> [WHAT THE TASK REQUIRES]: The records that follow must be transcribed in full, without any change.

··· EXERCISE MATERIAL

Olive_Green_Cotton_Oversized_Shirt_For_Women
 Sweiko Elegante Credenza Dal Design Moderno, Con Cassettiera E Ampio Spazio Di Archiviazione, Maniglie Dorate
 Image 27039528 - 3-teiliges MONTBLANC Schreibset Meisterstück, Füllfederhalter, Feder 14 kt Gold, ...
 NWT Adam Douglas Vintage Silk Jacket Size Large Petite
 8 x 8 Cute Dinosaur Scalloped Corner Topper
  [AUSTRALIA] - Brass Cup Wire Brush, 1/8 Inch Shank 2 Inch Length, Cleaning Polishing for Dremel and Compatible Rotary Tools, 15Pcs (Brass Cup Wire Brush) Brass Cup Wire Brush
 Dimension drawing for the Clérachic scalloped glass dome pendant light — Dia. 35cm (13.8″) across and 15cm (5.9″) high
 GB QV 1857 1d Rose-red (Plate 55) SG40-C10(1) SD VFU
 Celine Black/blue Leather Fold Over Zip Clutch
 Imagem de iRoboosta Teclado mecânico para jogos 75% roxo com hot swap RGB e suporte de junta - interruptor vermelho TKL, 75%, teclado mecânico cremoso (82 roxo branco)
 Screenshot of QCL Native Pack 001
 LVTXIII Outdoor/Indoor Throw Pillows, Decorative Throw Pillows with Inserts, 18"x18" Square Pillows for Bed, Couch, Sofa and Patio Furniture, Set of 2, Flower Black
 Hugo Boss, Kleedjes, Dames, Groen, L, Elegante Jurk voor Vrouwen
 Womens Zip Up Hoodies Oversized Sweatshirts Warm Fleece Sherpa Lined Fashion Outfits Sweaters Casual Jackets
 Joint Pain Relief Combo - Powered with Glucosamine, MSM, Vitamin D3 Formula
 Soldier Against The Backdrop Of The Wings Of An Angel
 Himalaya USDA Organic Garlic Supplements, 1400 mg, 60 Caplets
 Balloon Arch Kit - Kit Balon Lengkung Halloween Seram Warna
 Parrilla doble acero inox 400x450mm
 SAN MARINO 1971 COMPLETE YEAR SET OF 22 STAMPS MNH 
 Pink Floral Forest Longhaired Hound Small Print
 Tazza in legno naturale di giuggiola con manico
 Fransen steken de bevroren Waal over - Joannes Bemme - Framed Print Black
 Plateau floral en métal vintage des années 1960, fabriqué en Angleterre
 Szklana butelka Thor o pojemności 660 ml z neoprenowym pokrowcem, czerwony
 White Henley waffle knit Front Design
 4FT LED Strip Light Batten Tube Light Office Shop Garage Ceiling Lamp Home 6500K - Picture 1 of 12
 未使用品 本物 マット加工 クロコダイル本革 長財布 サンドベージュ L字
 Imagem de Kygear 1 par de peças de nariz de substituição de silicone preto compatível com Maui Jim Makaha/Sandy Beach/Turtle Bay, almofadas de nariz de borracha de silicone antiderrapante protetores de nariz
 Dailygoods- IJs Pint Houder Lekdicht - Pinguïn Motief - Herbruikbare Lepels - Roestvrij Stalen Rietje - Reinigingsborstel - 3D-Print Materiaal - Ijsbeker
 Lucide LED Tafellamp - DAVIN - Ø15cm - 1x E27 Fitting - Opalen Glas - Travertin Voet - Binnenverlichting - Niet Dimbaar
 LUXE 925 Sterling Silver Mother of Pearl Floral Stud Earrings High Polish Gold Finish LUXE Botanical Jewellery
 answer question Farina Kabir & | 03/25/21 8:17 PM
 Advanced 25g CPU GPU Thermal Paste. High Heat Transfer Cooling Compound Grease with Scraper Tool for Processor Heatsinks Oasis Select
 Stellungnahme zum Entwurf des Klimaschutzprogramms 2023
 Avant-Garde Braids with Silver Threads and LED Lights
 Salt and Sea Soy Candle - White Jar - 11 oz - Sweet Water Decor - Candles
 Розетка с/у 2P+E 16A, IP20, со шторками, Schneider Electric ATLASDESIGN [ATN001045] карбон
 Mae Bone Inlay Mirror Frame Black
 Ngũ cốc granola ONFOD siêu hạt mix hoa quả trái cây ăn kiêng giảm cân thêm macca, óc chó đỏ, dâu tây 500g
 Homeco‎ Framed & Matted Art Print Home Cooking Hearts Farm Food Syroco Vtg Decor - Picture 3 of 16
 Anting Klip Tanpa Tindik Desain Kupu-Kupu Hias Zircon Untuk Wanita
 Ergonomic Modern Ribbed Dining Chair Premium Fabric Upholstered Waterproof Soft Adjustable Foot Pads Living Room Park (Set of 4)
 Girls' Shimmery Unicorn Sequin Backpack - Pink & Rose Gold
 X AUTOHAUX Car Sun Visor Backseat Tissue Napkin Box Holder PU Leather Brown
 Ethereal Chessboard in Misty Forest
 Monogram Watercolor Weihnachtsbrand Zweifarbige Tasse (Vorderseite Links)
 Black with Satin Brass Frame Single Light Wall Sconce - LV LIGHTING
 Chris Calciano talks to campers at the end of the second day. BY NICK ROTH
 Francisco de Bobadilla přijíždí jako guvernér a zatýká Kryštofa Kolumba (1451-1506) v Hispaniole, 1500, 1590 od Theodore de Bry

······

> [SOLVED PROBLEM]:
Olive_Green_Cotton_Oversized_Shirt_For_Women
 Sweiko Elegante Credenza Dal Design Moderno, Con Cassettiera E Ampio Spazio Di Archiviazione, Maniglie Dorate
 Image 27039528 - 3-teiliges MONTBLANC Schreibset Meisterstück, Füllfederhalter, Feder 14 kt Gold, ...
 NWT Adam Douglas Vintage Silk Jacket Size Large Petite
 8 x 8 Cute Dinosaur Scalloped Corner Topper
  [AUSTRALIA] - Brass Cup Wire Brush, 1/8 Inch Shank 2 Inch Length, Cleaning Polishing for Dremel and Compatible Rotary Tools, 15Pcs (Brass Cup Wire Brush) Brass Cup Wire Brush
 Dimension drawing for the Clérachic scalloped glass dome pendant light — Dia. 35cm (13.8″) across and 15cm (5.9″) high
 GB QV 1857 1d Rose-red (Plate 55) SG40-C10(1) SD VFU
 Celine Black/blue Leather Fold Over Zip Clutch
 Imagem de iRoboosta Teclado mecânico para jogos 75% roxo com hot swap RGB e suporte de junta - interruptor vermelho TKL, 75%, teclado mecânico cremoso (82 roxo branco)
 Screenshot of QCL Native Pack 001
 LVTXIII Outdoor/Indoor Throw Pillows, Decorative Throw Pillows with Inserts, 18"x18" Square Pillows for Bed, Couch, Sofa and Patio Furniture, Set of 2, Flower Black
 Hugo Boss, Kleedjes, Dames, Groen, L, Elegante Jurk voor Vrouwen
 Womens Zip Up Hoodies Oversized Sweatshirts Warm Fleece Sherpa Lined Fashion Outfits Sweaters Casual Jackets
 Joint Pain Relief Combo - Powered with Glucosamine, MSM, Vitamin D3 Formula
 Soldier Against The Backdrop Of The Wings Of An Angel
 Himalaya USDA Organic Garlic Supplements, 1400 mg, 60 Caplets
 Balloon Arch Kit - Kit Balon Lengkung Halloween Seram Warna
 Parrilla doble acero inox 400x450mm
 SAN MARINO 1971 COMPLETE YEAR SET OF 22 STAMPS MNH 
 Pink Floral Forest Longhaired Hound Small Print
 Tazza in legno naturale di giuggiola con manico
 Fransen steken de bevroren Waal over - Joannes Bemme - Framed Print Black
 Plateau floral en métal vintage des années 1960, fabriqué en Angleterre
 Szklana butelka Thor o pojemności 660 ml z neoprenowym pokrowcem, czerwony
 White Henley waffle knit Front Design
 4FT LED Strip Light Batten Tube Light Office Shop Garage Ceiling Lamp Home 6500K - Picture 1 of 12
 未使用品 本物 マット加工 クロコダイル本革 長財布 サンドベージュ L字
 Imagem de Kygear 1 par de peças de nariz de substituição de silicone preto compatível com Maui Jim Makaha/Sandy Beach/Turtle Bay, almofadas de nariz de borracha de silicone antiderrapante protetores de nariz
 Dailygoods- IJs Pint Houder Lekdicht - Pinguïn Motief - Herbruikbare Lepels - Roestvrij Stalen Rietje - Reinigingsborstel - 3D-Print Materiaal - Ijsbeker
 Lucide LED Tafellamp - DAVIN - Ø15cm - 1x E27 Fitting - Opalen Glas - Travertin Voet - Binnenverlichting - Niet Dimbaar
 LUXE 925 Sterling Silver Mother of Pearl Floral Stud Earrings High Polish Gold Finish LUXE Botanical Jewellery
 answer question Farina Kabir & | 03/25/21 8:17 PM
 Advanced 25g CPU GPU Thermal Paste. High Heat Transfer Cooling Compound Grease with Scraper Tool for Processor Heatsinks Oasis Select
 Stellungnahme zum Entwurf des Klimaschutzprogramms 2023
 Avant-Garde Braids with Silver Threads and LED Lights
 Salt and Sea Soy Candle - White Jar - 11 oz - Sweet Water Decor - Candles
 Розетка с/у 2P+E 16A, IP20, со шторками, Schneider Electric ATLASDESIGN [ATN001045] карбон
 Mae Bone Inlay Mirror Frame Black
 Ngũ cốc granola ONFOD siêu hạt mix hoa quả trái cây ăn kiêng giảm cân thêm macca, óc chó đỏ, dâu tây 500g
 Homeco‎ Framed & Matted Art Print Home Cooking Hearts Farm Food Syroco Vtg Decor - Picture 3 of 16
 Anting Klip Tanpa Tindik Desain Kupu-Kupu Hias Zircon Untuk Wanita
 Ergonomic Modern Ribbed Dining Chair Premium Fabric Upholstered Waterproof Soft Adjustable Foot Pads Living Room Park (Set of 4)
 Girls' Shimmery Unicorn Sequin Backpack - Pink & Rose Gold
 X AUTOHAUX Car Sun Visor Backseat Tissue Napkin Box Holder PU Leather Brown
 Ethereal Chessboard in Misty Forest
 Monogram Watercolor Weihnachtsbrand Zweifarbige Tasse (Vorderseite Links)
 Black with Satin Brass Frame Single Light Wall Sconce - LV LIGHTING
 Chris Calciano talks to campers at the end of the second day. BY NICK ROTH
 Francisco de Bobadilla přijíždí jako guvernér a zatýká Kryštofa Kolumba (1451-1506) v Hispaniole, 1500, 1590 od Theodore de Bry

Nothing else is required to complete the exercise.